As it usually happens, sometimes (actually, almost every time) we need to apply a function not to a single value, but to a bunch of values. This is called vectorization and it’s how numpy works, and it allows us to avoid slow loops and keep everything fast even despite the fact we use rather slow Python language. Vectorization is at core of neural network frameworks as well, so our network can accept not only one input, but several inputs at once.

network(torch.tensor([[2.3], [1.7], [3.6]]))
tensor([[0.2739],
        [0.2741],
        [0.2661]], grad_fn=<AddmmBackward0>)

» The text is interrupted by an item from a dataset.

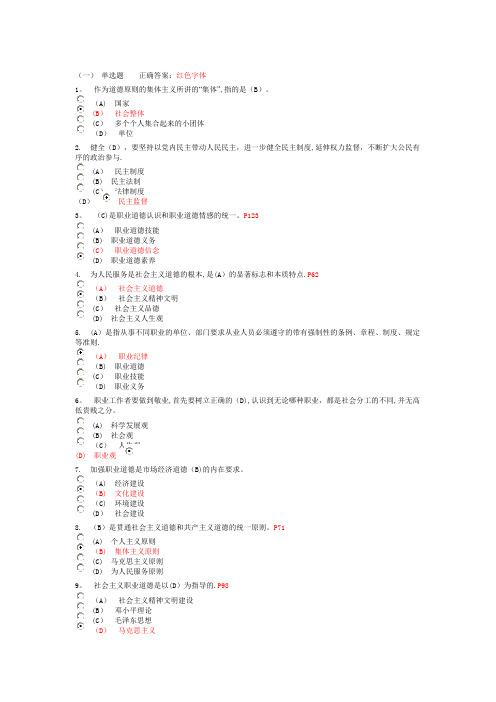 常州专业技术人员继续教育--专业技术人员职业道德试题库及答案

The output is again a tensor. Note that both input and output can be considered as vector rows, i.e. single input and output values are recorded as their rows.

Now let’s draw some pictures!

Visualize the output

As our network defines a map from numbers to numbers, I’d like to draw its graph. It can be done in the following way. First, we need to generate an array of values of network input (i.e. values of $x$) we are intersted in, i.e. some values on the segment, say, $[-3, 3]$. As we already discussed, it need to be put into vector-column, so the code looks like this:

x = np.linspace(-3, 3, 301, dtype="float32").reshape(-1, 1)

What is linspace

Function np.linspace(-3, 3, 301) creates an array of 301 points, from -3 to 3, with equal distance between points. Here is an example:

np.linspace(-3, 3, 5)
array([-3. , -1.5,  0. ,  1.5,  3. ])

What is dtype='float32'

numpy can use various data types to store numbers. PyTorch expects numbers to be stored in 32-bit floats, that’s called float32 in numpy. So we ask numpy to create an array of that type.

What is reshape?

We need a vector-column, so we do .reshape(-1, 1). This methods, as the name suggest, allows one to change a shape of a particular array. For example:

arr = np.array([1, 2, 3, 4, 5, 6])
arr.shape
(6,)

This is one-dimensional array (i.e. vector) of size 6. We can reshape it to a matrix with 2 rows and 3 columns:

arr.reshape(2, 3)
array([[1, 2, 3],
       [4, 5, 6]])
arr.reshape(2, 3).shape
(2, 3)

And we can reshape it to a matrix with 3 rows and 2 columns:

arr.reshape(3, 2)
array([[1, 2],
       [3, 4],
       [5, 6]])

Of course, the number of elements in the matrix is the same as it was in the array, so if number of rows is specified, number of columns can be found automatically, and vice versa. Thus we can omit one of the numbers: this is done by replacing it with -1, in this case we simply ask Python to find this number by itself.

arr.reshape(3, -1)
array([[1, 2],
       [3, 4],
       [5, 6]])
arr.reshape(-1, 2)
array([[1, 2],
       [3, 4],
       [5, 6]])

If we want a vector-column, we specify that we want one column, and allow Python to calculate how many rows it needs:

arr.reshape(-1, 1)
array([[1],
       [2],
       [3],
       [4],
       [5],
       [6]])

There are other ways to convert vector to vector-column, but we’ll use .reshape.

y = network(torch.tensor(x)).detach().numpy()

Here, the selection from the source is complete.